Please write out every line of the listing without alteration, but omit the images.

:::::

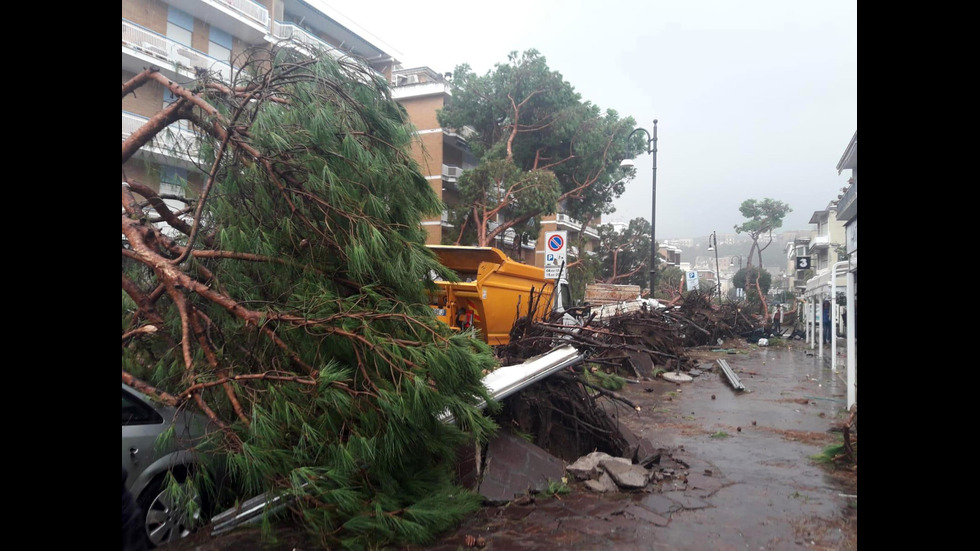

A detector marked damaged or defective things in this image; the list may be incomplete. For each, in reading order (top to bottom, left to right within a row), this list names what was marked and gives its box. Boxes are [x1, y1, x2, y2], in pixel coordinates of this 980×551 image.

broken concrete [476, 432, 564, 504]
broken concrete [596, 460, 652, 490]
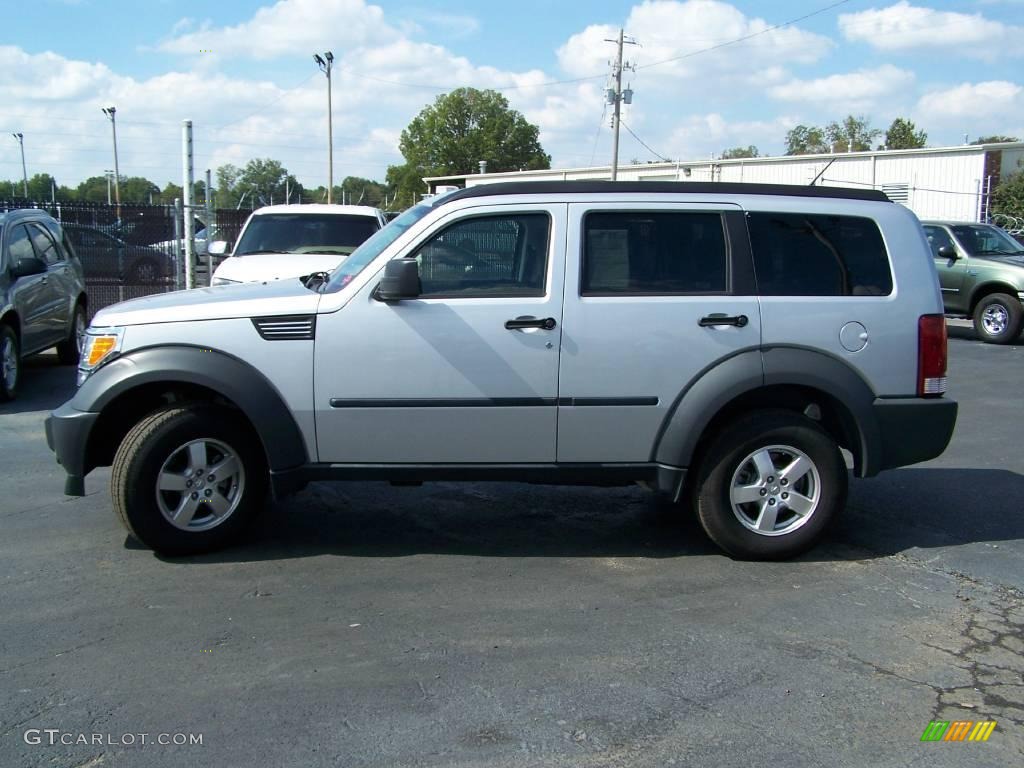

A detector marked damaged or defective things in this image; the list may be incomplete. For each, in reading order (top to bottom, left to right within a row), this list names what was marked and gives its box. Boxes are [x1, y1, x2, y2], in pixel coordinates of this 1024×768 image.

cracked asphalt [2, 321, 1024, 765]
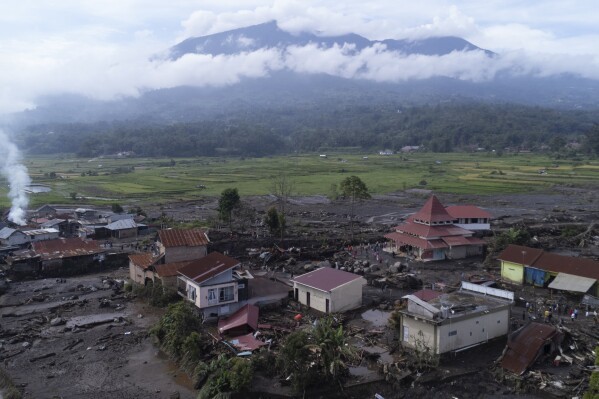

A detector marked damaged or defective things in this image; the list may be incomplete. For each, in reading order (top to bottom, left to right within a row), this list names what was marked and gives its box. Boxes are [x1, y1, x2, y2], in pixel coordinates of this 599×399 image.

rusty metal roof [31, 239, 103, 260]
rusty metal roof [158, 230, 210, 248]
rusty metal roof [177, 253, 240, 284]
damaged house [384, 196, 488, 262]
damaged house [400, 282, 512, 354]
rusty metal roof [502, 324, 564, 376]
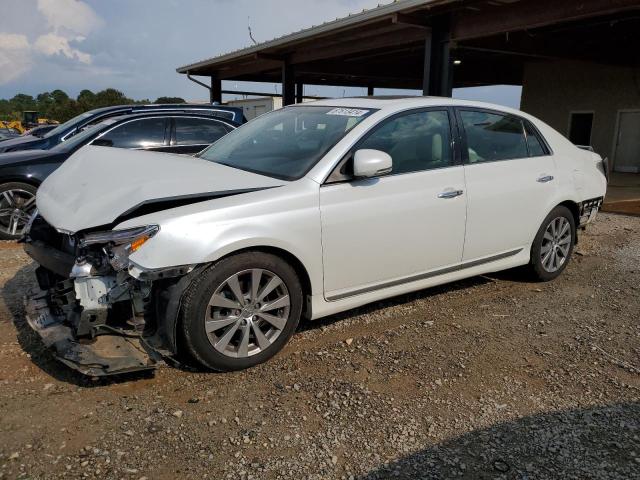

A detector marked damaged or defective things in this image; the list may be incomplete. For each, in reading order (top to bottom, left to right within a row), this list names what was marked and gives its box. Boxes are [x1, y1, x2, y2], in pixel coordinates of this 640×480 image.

cracked headlight [80, 225, 160, 270]
crushed bumper [25, 286, 161, 376]
front-end collision damage [22, 216, 199, 376]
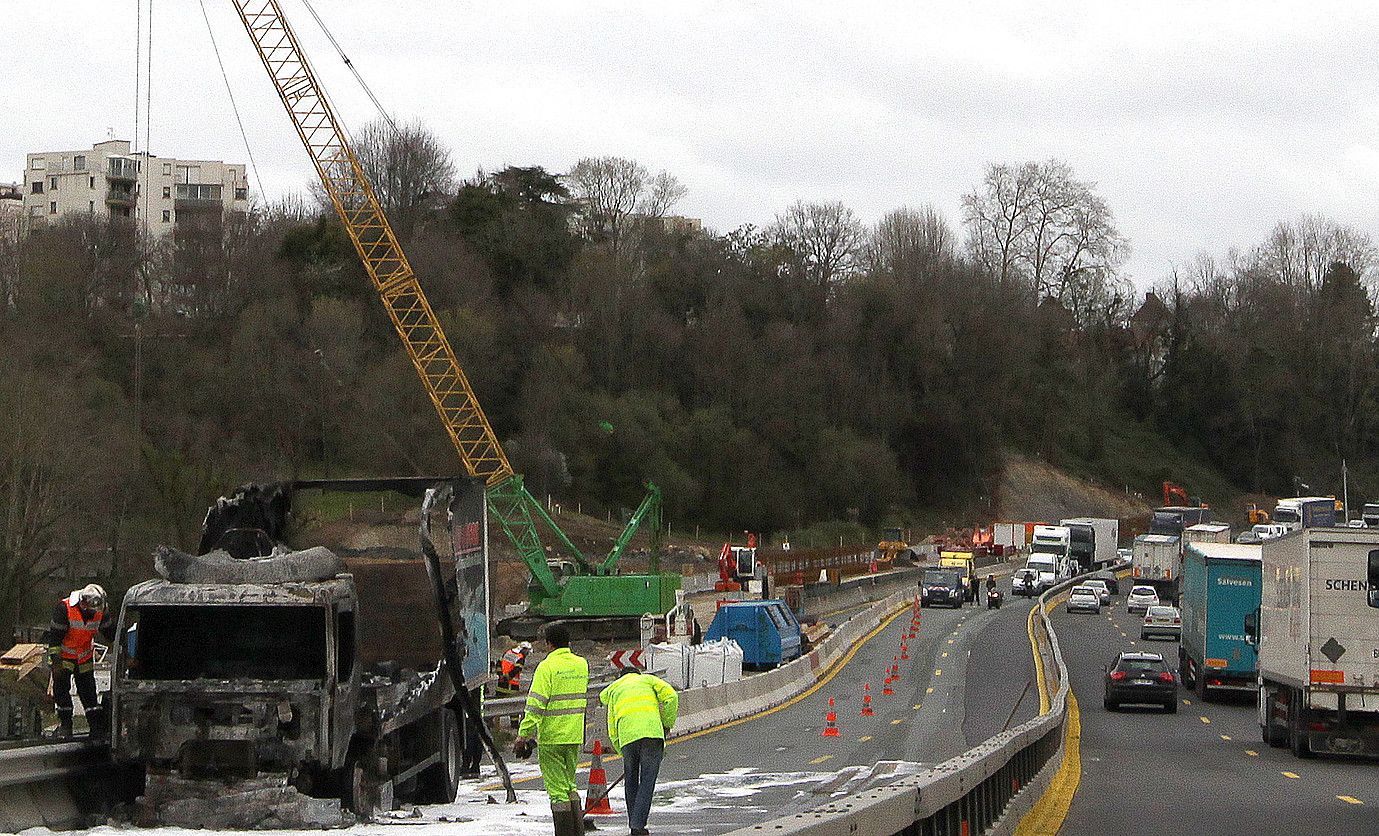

:::::

## Response area
A detector marked damaged or defective things in this image; the list may be incomplete. For each, in reading order (top to bottom, left to right within a row), this list names what was marked and gives its box. Boxes are [x1, y1, x2, y2], in pixel coordinates of this 980×551 image.

broken concrete [476, 432, 564, 504]
broken concrete [596, 460, 652, 490]

A detector marked damaged or defective things in this image; the list may be incomplete. For each, in reading order (top to bottom, left to right within a row), this list names what was marked and gives its box. Boxes are [x1, y1, x2, y2], in pixel coordinates of this 1024×768 image.

cracked asphalt [2, 321, 1024, 765]

A detector marked damaged or defective things in this image; the list may be incomplete. For each, in reading order (top to bottom, left to right within a row), this list names what was marked and gives its box. Boxes are [x1, y1, x2, y2], in pixel coordinates of this 599×399 image.

rusty metal roof [31, 239, 103, 260]
rusty metal roof [158, 230, 210, 248]
rusty metal roof [177, 253, 240, 284]
damaged house [384, 196, 488, 262]
damaged house [400, 282, 512, 354]
rusty metal roof [502, 324, 564, 376]

A detector marked damaged or defective things in this image; the list may be incomplete. For each, in reading order (top to bottom, left to right within a row), this list names what was marked and gives its box. Boxes are [x1, y1, x2, y2], in pixel coordinates of this 640×480 image.

cracked headlight [80, 225, 160, 270]
crushed bumper [25, 286, 161, 376]
front-end collision damage [22, 216, 199, 376]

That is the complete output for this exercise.